MFW: FRANCESCO SCOGNAMILIO F/W 2014

I’ll be very honest: I’m still sitting here trying to figure out exactly what it is I just saw make its way around the catwalk of this Frencesco Scognamilio show. Just last season, having separated from his business partner, Francesco was talking about starting over, giving everything a fresh look and the clothes for his spring/summer collection echoed that sentiment: very light weight, full of pastels and floral patterns, and very feminine. What we just saw was about as far from that aesthetic as one can possibly go.
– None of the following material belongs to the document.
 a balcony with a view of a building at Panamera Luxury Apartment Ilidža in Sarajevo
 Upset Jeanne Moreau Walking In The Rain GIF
Yet, I’m searching for words because I’m still not sure what those girls were wearing.

When I first saw the initial look coming down the runway, I thought the model was simply wearing a deep red, probably fox, fur coat and boots with nothing under it. That would be a very normal thing for a runway show here. As she drew closer, though, there were some shifts in the “skin” that were very unnatural and it soon became apparent that she was wearing something beneath the coat after all. That something turned out to be a latex-based flesh-colored top that is contoured to the skin. What gives this a somewhat creepy look is that the garment goes all the way up the neck, shaping itself to the collarbone and neck. The visual effect is … disturbing.

Francesco has a history with pvc and latex that isn’t all that flattering. In fact, its whispered, carefully, that his pre-occupation with the materials is part of what led to his separation from Donatella Versace’s operations several years ago. Could he be slipping back into his old ways?

As a whole, the collection is confusing, though not necessarily unattractive. Several of the initial looks have a militaristic silhouette, with squared shoulders and buttons going all the way up the neck. A couple of red jackets almost look like something borrowed from the Royal Canadian Mounted Police were it not for the attached hoods. Francesco plays with leather a bit, has a couple of pieces with gold fringe, and then does a lot of sheer tops, some of which are cut out specifically to shape the breast. He does sheer in black, then grey, then a fluorescent orange. In the midst of this, between every few looks, Francesco brings back that creepy latex top, this time in grey. Finally, the lights go down on the runway and one thinks the show is mercifully over.

No, the show is not over. There was a movie in 1981 staring Dudley Moore (Demi’s father) and Liza Minnelli  called Arthur. The movie was a bit of a flop, but the theme song by Christopher Cross, The Best That You Can Do became a hit.

In 1981.

I’ve not heard that song since at least 1984, yet, as the lights started to come back up for what we assumed was a finale walk through, Christopher Cross’s voice began crooning and Francesco sends six brand new looks down the runway, all black with white accents, and rococo styled embroidery. He then finishes up with a sheer black gown.

I’m waiting, hoping that perhaps someone from Vogue or Marie Claire can explain to me exactly what just happened here because in my mind this makes absolutely no sense at all. Francesco’s spring/summer collection went in such a positive, beautiful, feminine direction, and now this season … Surely there’s an explanation of which I’m just not aware. I do get left out of the loop from time to time. That’s what I’m hoping, because otherwise, from here, it looks as though Francesco needs some help and maybe some therapy. Fast.